Pic rolled out earlier this year in a dozen overseas territories and has grossed almost $10 million to date.
Permitting herself considerable creative license, screenwriter Laeta Kalogridis imagines what might have stopped Vikings from settling in North America. Story opens at the end of a failed first expedition as a lone Wampanaog Indian woman discovers a frightened young orphan in the belly of a smoldering Norse “dragon ship.” She takes him home, where he is accepted into the tribe.
Fifteen years later, the invaders return, only now, the abandoned young man has grown into “Lord of the Rings” and “Xena: Warrior Princess” veteran Karl Urban, an oddly proportioned action hero whose Hugh Jackman-like facial features sit perched atop a beefcake frame. Urban spends most of the movie wearing little more than a leather loincloth, though editors Jay Friedkin and Glen Scantlebury seem to be working overtime cutting around his bulky but sub-Spartan physique.
While Urban strains to carry the movie, it is the monstrous Vikings who actually prove most compelling. An ominous lot, they lumber about in silhouette like the dark Orcs from Ralph Bakshi’s “Lord of the Rings” cartoons, while Renee April’s detailed costumes — all horns and skulls and metal scales — evoke the more recent live-action trilogy. The invaders’ gnarled snorts and guttural Icelandic dialogue strike a fearsome contrast to the mild-tempered, English-speaking natives.

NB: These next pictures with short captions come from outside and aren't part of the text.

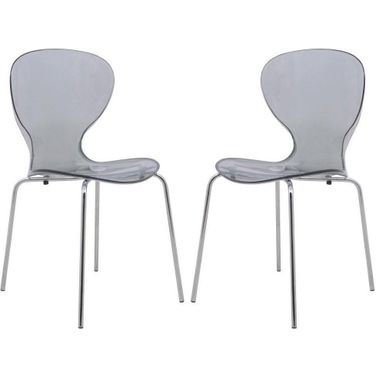 2 LeisureMod Oyster Transparent Black Side Chairs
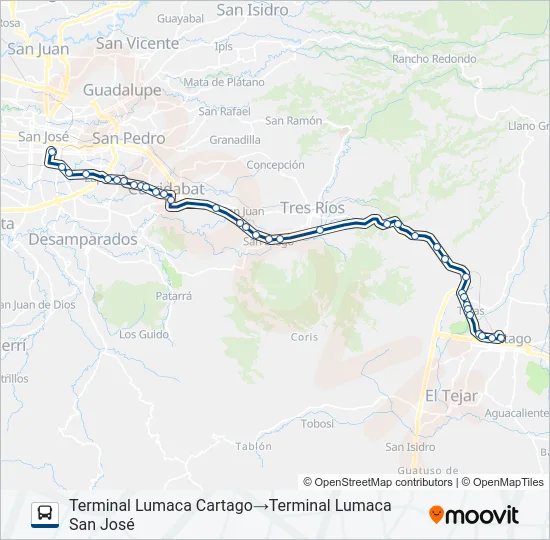 SAN JOSÉ - CARTAGO DIRECTO Bus Line Map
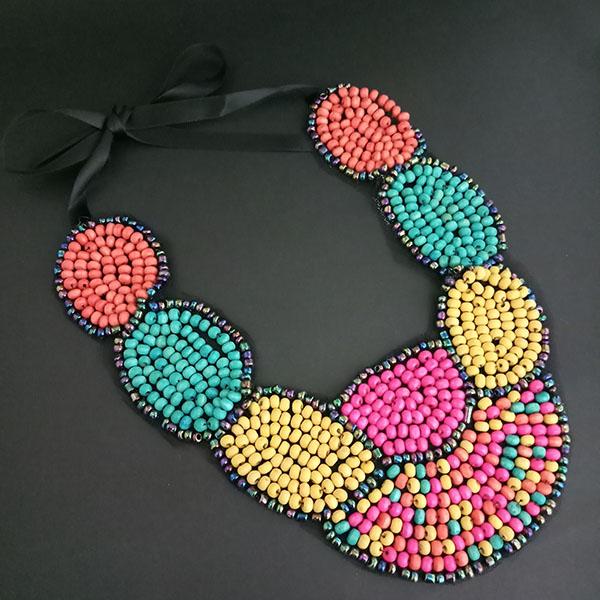 Urthn Multicolor Beads Lace Necklace - 1111201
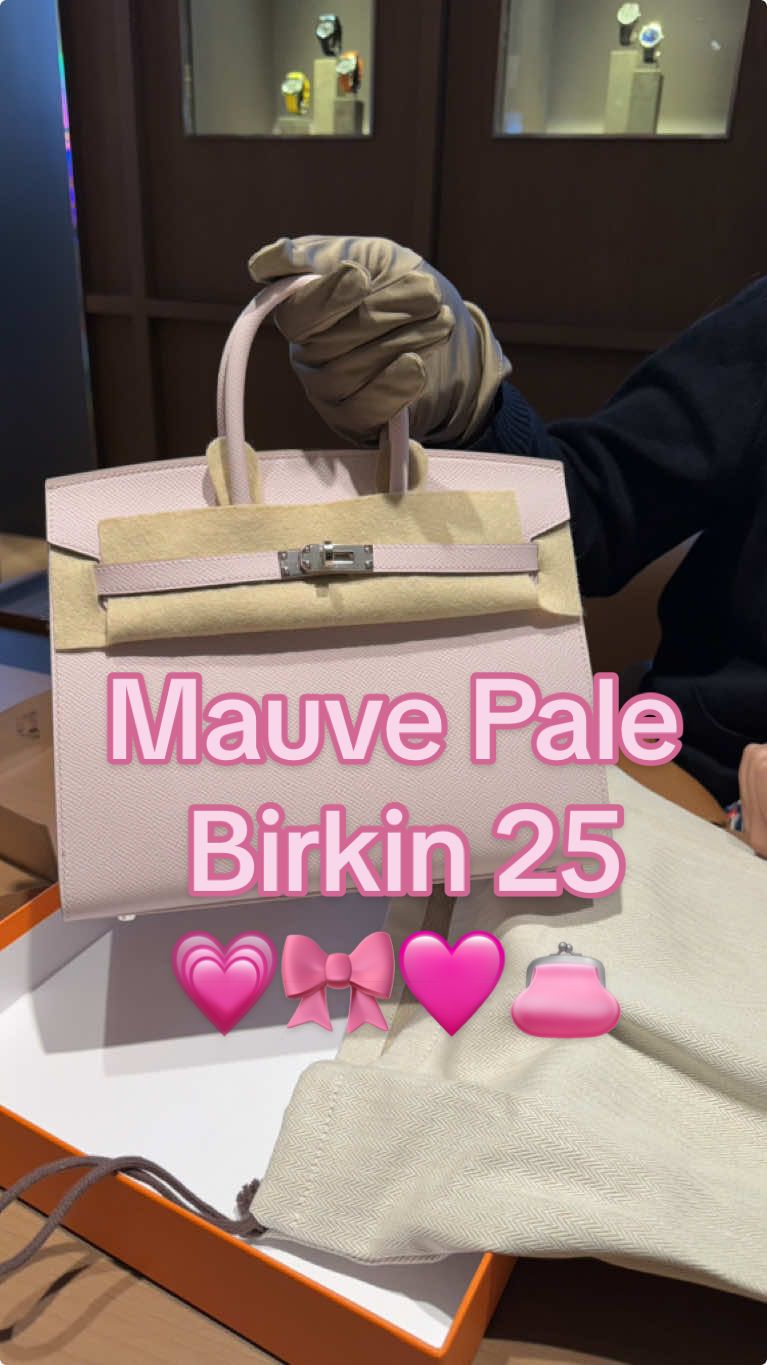 Mauve pale birkin 25 sellier🎀💗💗👛 #hermes #hermesbag #hermesbirkin #hermesunboxing #unboxing #Love 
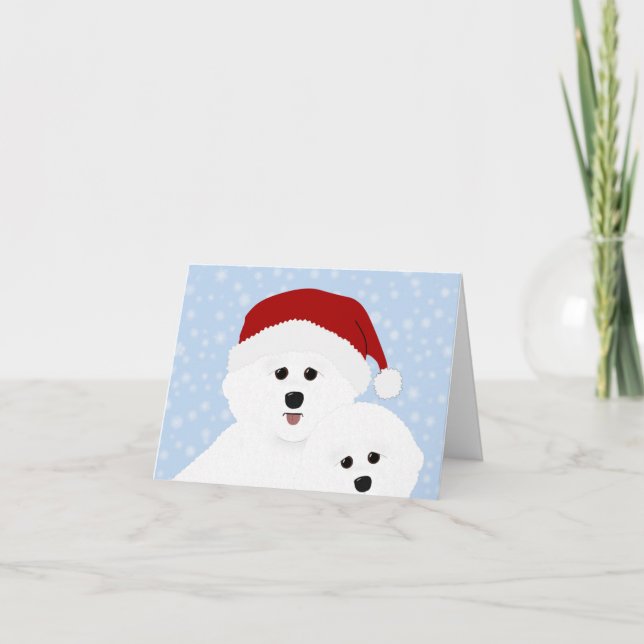 Carte de voeux de vacances Bichon Frise (Devant)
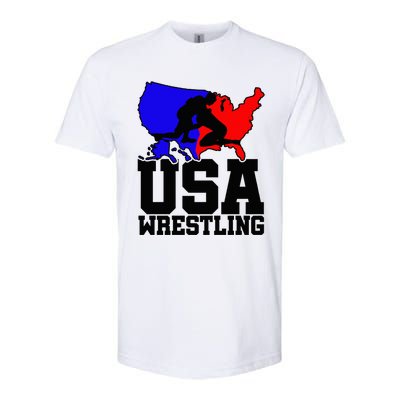 Usa Wrestling Patriotic American Flag Sports Wrestling Softstyle CVC T-Shirt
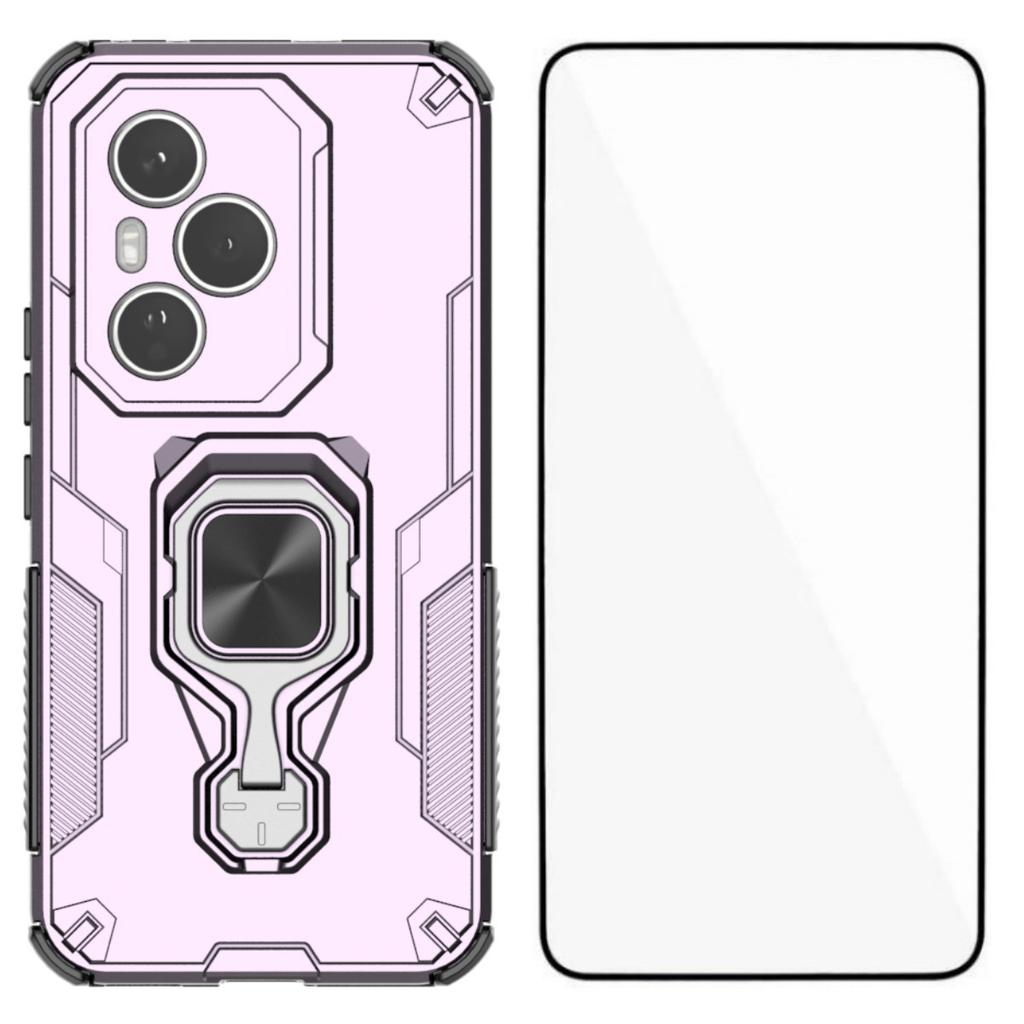 For Honor 400 Pro 5G (Global) Phone Case WANLONFENG PC TPU Back Cover Kickstand with Tempered Glass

Something is clearly afoot in Hollywood that projects about ancient Mayan, Spartan and Viking showdowns are being developed and released. As a follow-up to Nispel’s “Texas Chainsaw Massacre” remake, “Pathfinder” seems like sheer lunacy, the equivalent of Zack Snyder remaking Inuit chase movie “Atanarjuat the Fast Runner.” And yet, with a visual sense to rival Ridley Scott’s, Nispel ensures that every shot tells a story, mixing the meticulous landscape aesthetic of Hudson River School painters Thomas Cole and Asher B. Durand with the macabre imagery of contemporary fantasy artists, enhanced by the helmer’s decision to shoot against real British Columbia wilderness.

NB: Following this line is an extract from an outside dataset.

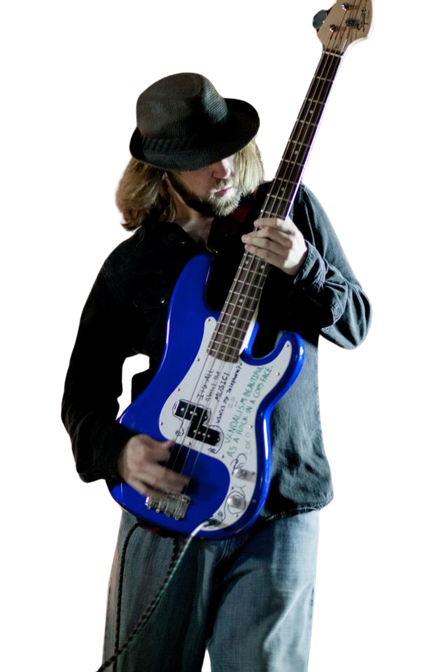 a person in a hat playing a blue electric guitar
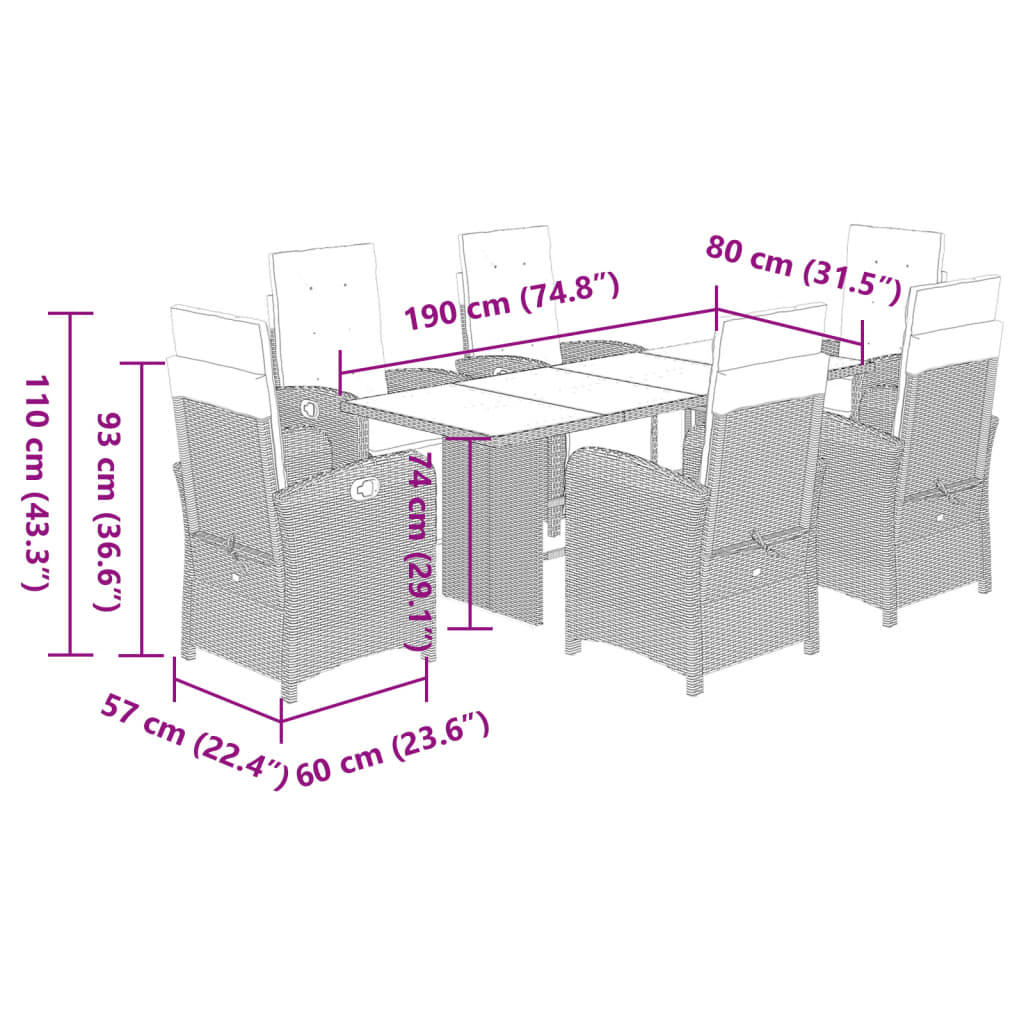 vidaXL Set mobilier de grădină cu perne, 7 piese gri deschis poliratan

Gone is the spare poetry and arctic mysticism of Gaup’s original. Instead, Nispel trades in dense, sophisticated compositions. Reteaming with regular lenser Daniel C. Pearl, he stacks every frame with layers of movement and texture from extreme foreground to deep, distant background. Yet the pic has difficulty carrying a thought from one shot to the next.

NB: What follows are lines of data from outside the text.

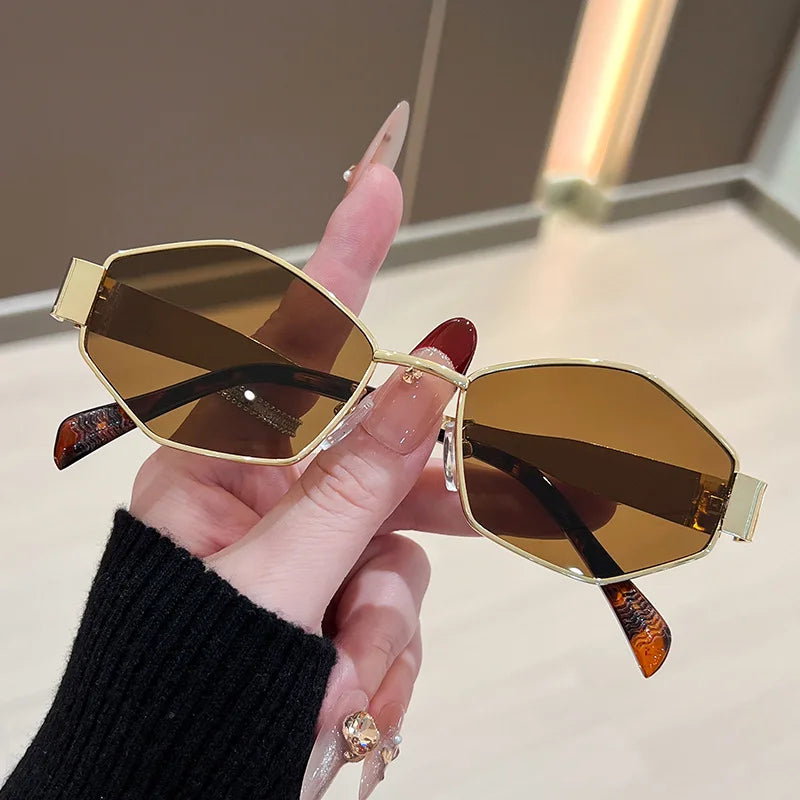 RBB Fashion Sunglasses – Women’s Polygon Metal Frame UV400 High-Quality Luxury Eyewear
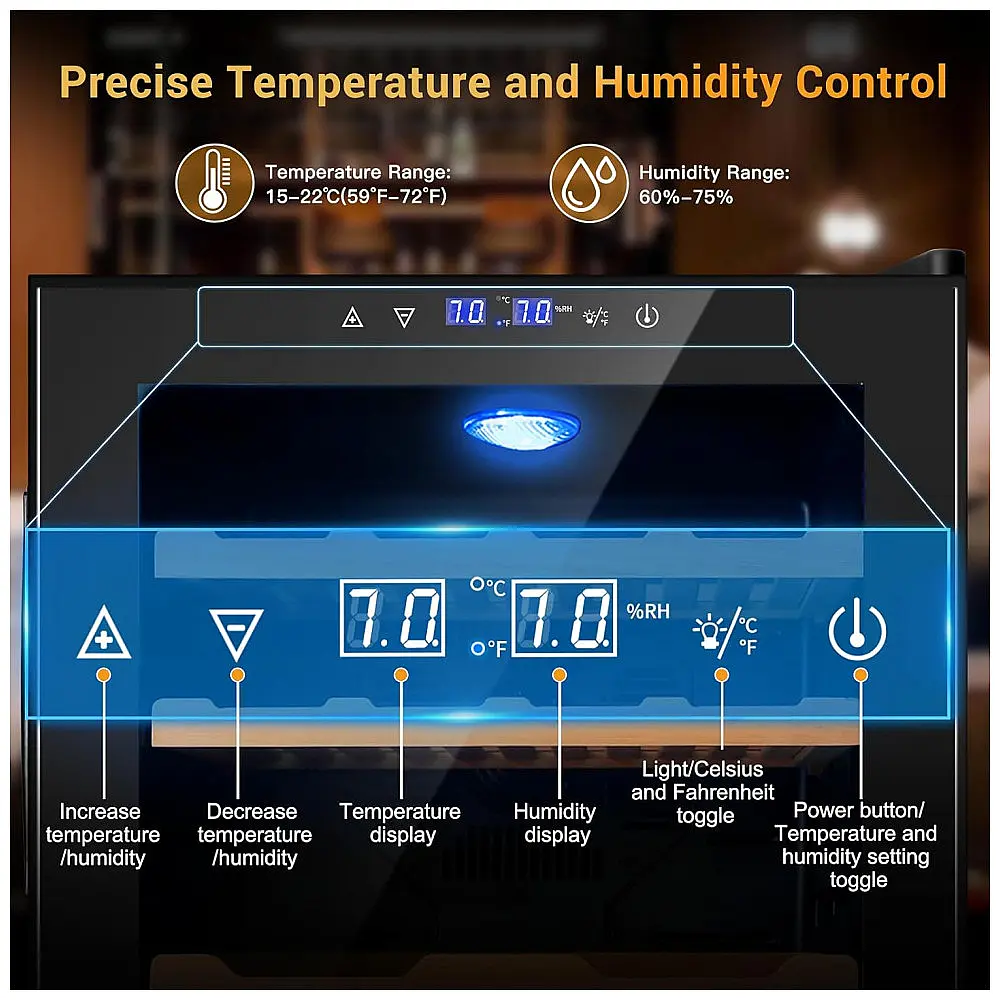 Humidor Elétrico Velieta 70L Preto para 400 Charutos com Controle Digital de Temperatura e Umidade 115V — foto 3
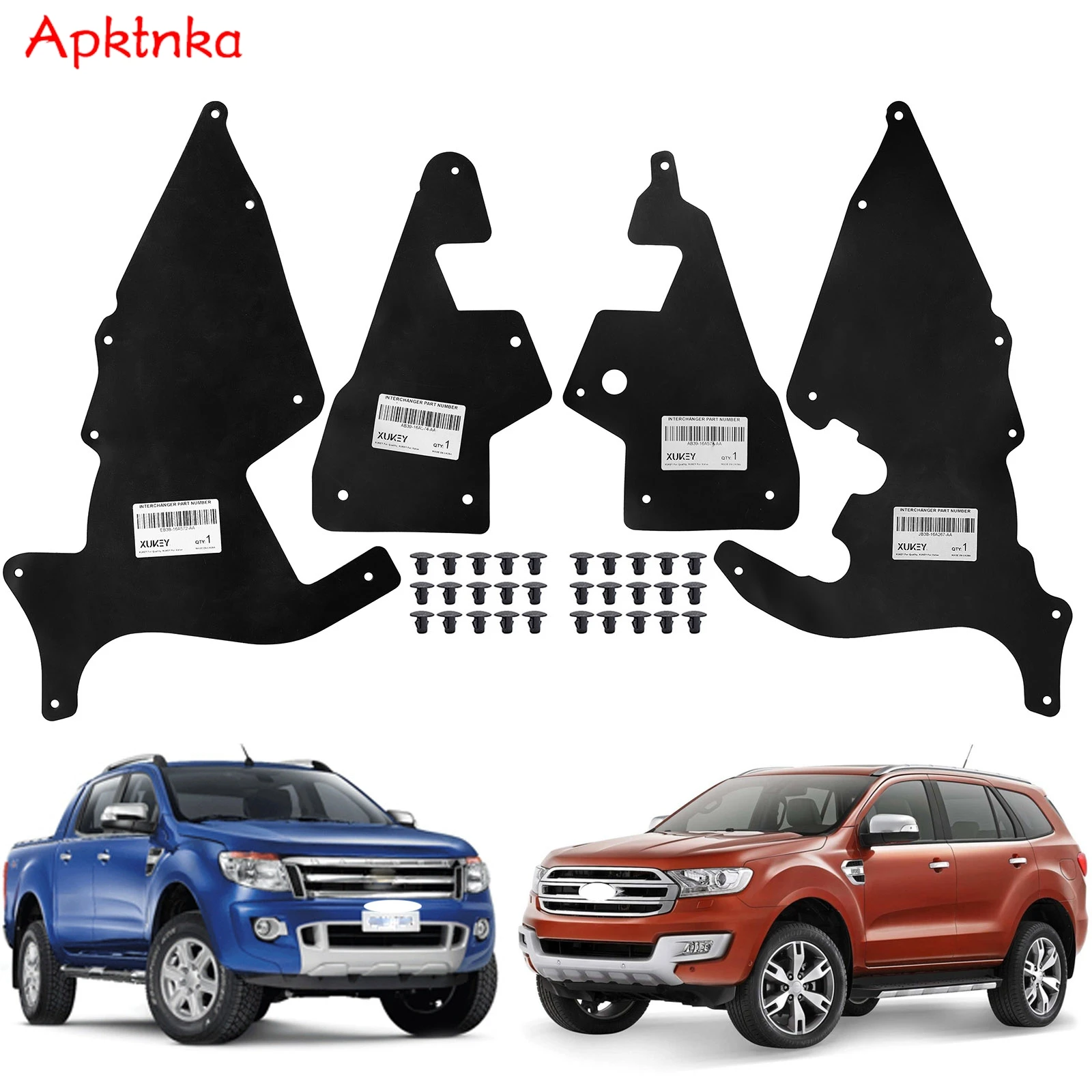 

Резиновые Брызговики для Ford Ranger P375 PX T6 2011-2023 Everest U375 мкА 15-22, 4 шт.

Individual shots pack a strong emotional punch, but entire scenes — such as a high-speed sled chase — unfold with numb, disorienting confusion. In general, the pic handles action well. Whether fending off bear attacks or a full-blown avalanche, Ghost (as Urban’s character is called) twirls his sword and attacks in the well-choreographed style of a true matinee idol.
But Nispel proves clumsy with actors, relying more on blocking than the nuances of actual performance. Characters are exaggerated cartoons, hardly human at all.
“Pathfinder’s” Vikings are certainly evil enough, but they are largely faceless and interchangeable, with no one personality more despicable than the others. To evoke the desired feelings, the pic instead relies on cues from the City of Prague Philharmonic Orchestra and Chorus — half bone-rattling marches, half martyr-minded arias.